Linear Algebra for Data Science Unit 3 – Vector Spaces and Subspaces

Vector spaces and subspaces form the foundation of linear algebra, providing a framework for understanding multidimensional data structures. This unit explores the properties of vector spaces, including closure, associativity, and distributivity, while introducing key concepts like linear combinations, span, and linear independence. The study of subspaces, basis vectors, and dimensionality offers powerful tools for data analysis and machine learning. These concepts enable efficient data representation, feature selection, and dimensionality reduction, crucial for tackling high-dimensional datasets and uncovering underlying patterns in complex systems.
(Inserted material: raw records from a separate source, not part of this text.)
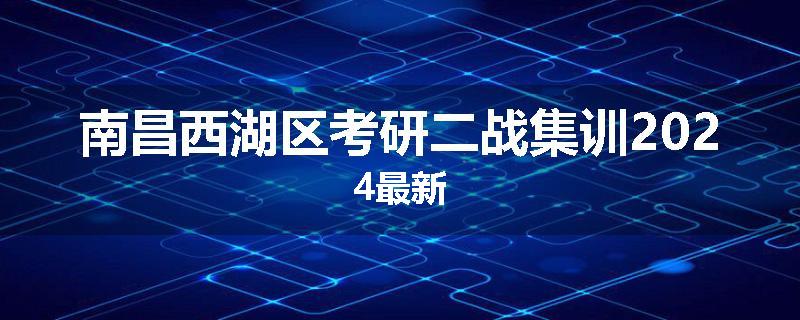 南昌西湖区考研二战集训2024最新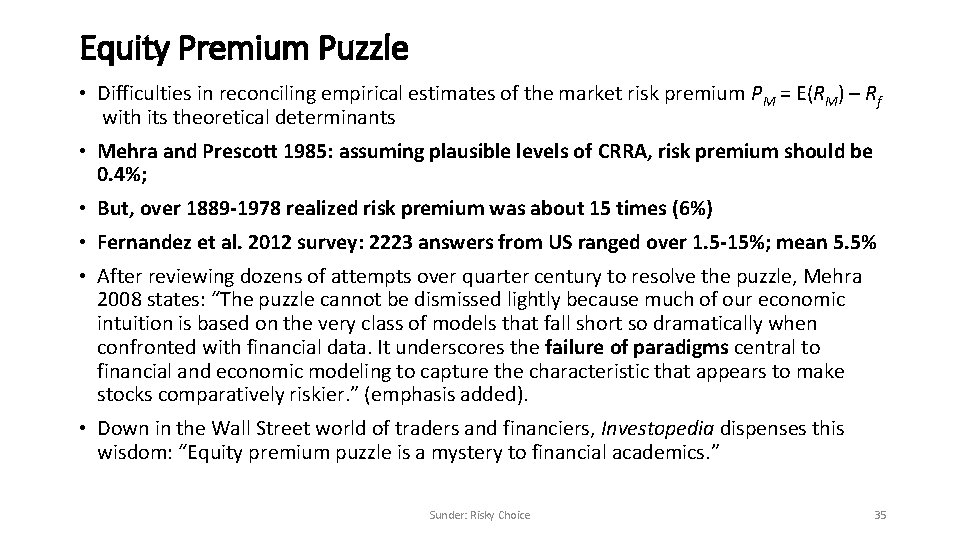 Equity Premium Puzzle • Difficulties in reconciling empirical estimates of the market risk premium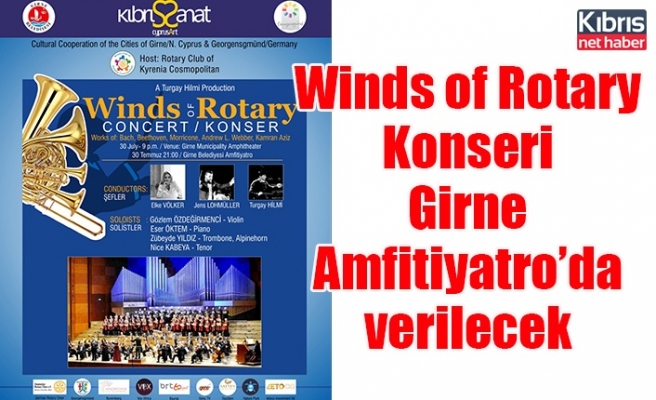 Winds of Rotary Konseri Girne Amfitiyatro’da verilecek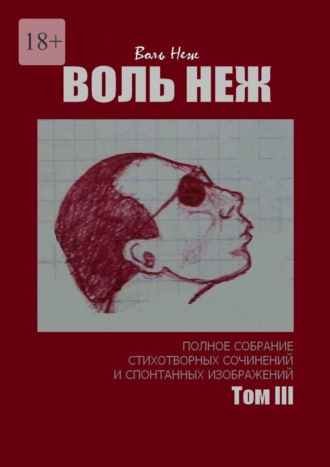 Воль Неж. Воль Неж. Полное собрание стихотворных сочинений и спонтанных изображений. Том III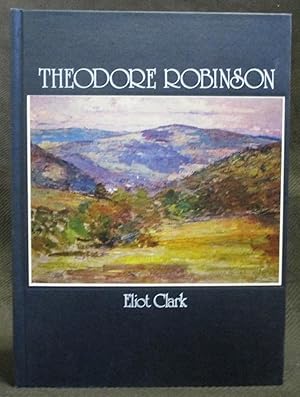 Imagen del vendedor de Theodore Robinson : His Life and Art a la venta por Exquisite Corpse Booksellers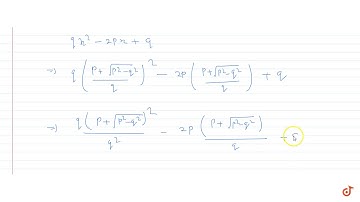 If `x =(sqrt(p + q) + sqrt(p-q))/(sqrt(p+q)-sqrt(p-q))` find the value of `qx^2-2px + q`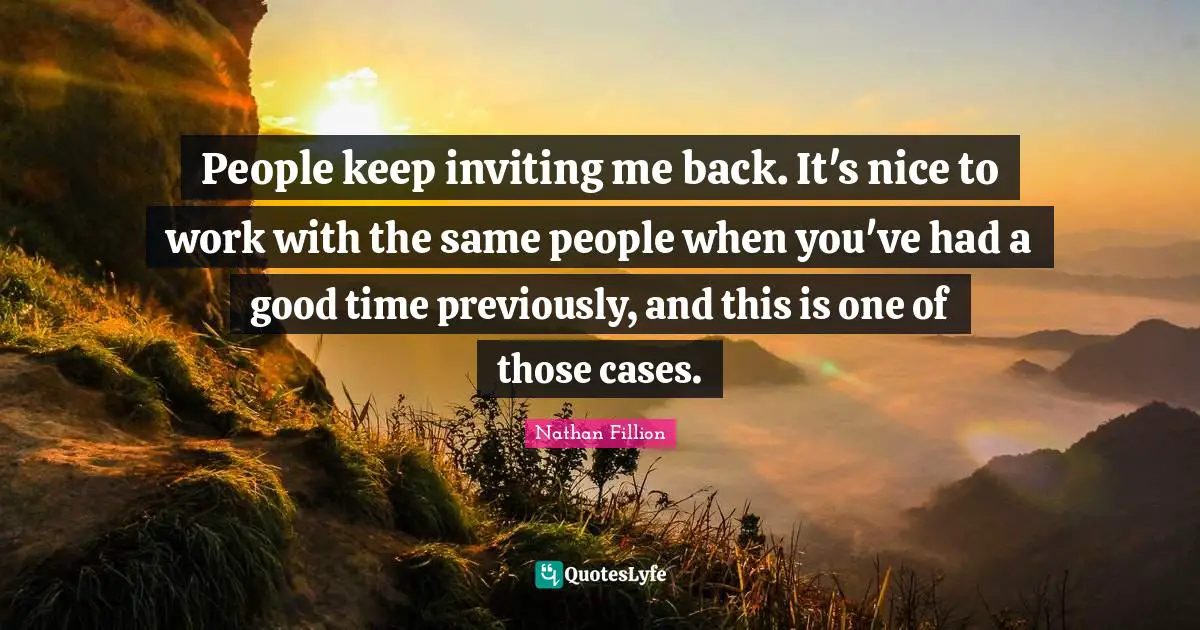 People keep inviting me back. It's nice to work with the same people when you've had a good time previously, and this is one of those cases.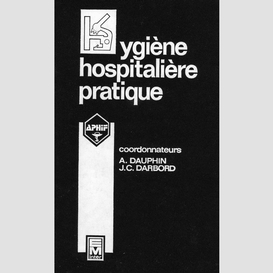Hygiène hospitalière pratique, 2e édition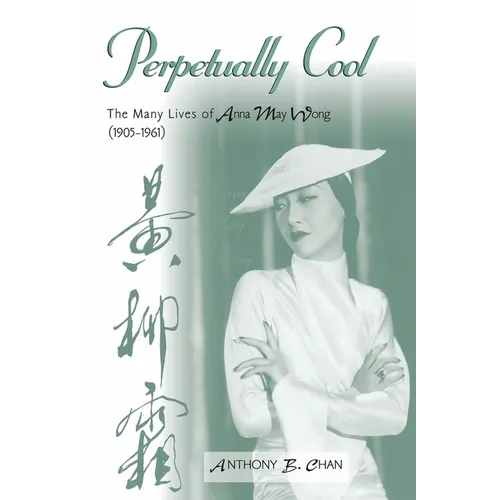 Perpetually Cool: The Many Lives of Anna May Wong (1905-1961)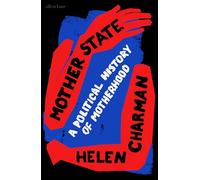 Mother State: A Political History of Motherhood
Key Concepts and Definitions

  • Vector space consists of a set of vectors and two operations (vector addition and scalar multiplication) that satisfy certain properties
  • Subspace is a subset of a vector space that is closed under vector addition and scalar multiplication
  • Linear combination expresses a vector as the sum of scalar multiples of other vectors (basis vectors)
  • Span refers to the set of all possible linear combinations of a given set of vectors
    • Geometrically represents the space "spanned" by the vectors
  • Linear independence means a set of vectors cannot be expressed as linear combinations of each other
    • Removing any vector from the set changes the span
  • Linear dependence occurs when one or more vectors can be expressed as linear combinations of the others
  • Basis is a linearly independent set of vectors that spans the entire vector space
  • Dimension equals the number of vectors in a basis for a vector space

Vector Space Fundamentals

  • Vector spaces are defined over a field (real numbers or complex numbers)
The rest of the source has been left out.